# WHAT TO DO
The listing that follows must be retyped exactly, without its pictures.

# SUPPLIED INFORMATION
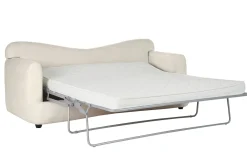 Miliboo Canapé Convertible|Voir Tous Les Canapés-Canapé convertible déhoussable 3-4 places design haricot en tissu effet velours beige clair SACHA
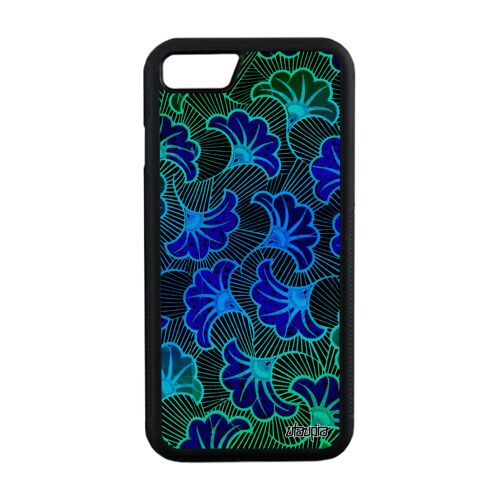 Coque en silicone iPhone 7 wax motif smartphone fantaisie africain tissu bleu etui ethnique telephone case coloré afrique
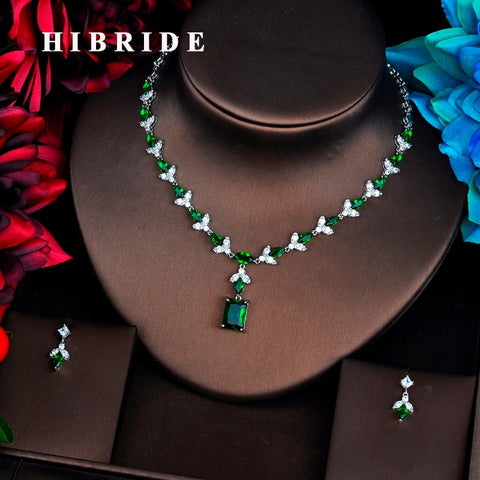 HIBRIDE Elegant Design Green Cubic Zircon Necklace Set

# COMPLETED EXERCISE
 Miliboo Canapé Convertible|Voir Tous Les Canapés-Canapé convertible déhoussable 3-4 places design haricot en tissu effet velours beige clair SACHA
 Coque en silicone iPhone 7 wax motif smartphone fantaisie africain tissu bleu etui ethnique telephone case coloré afrique
 HIBRIDE Elegant Design Green Cubic Zircon Necklace Set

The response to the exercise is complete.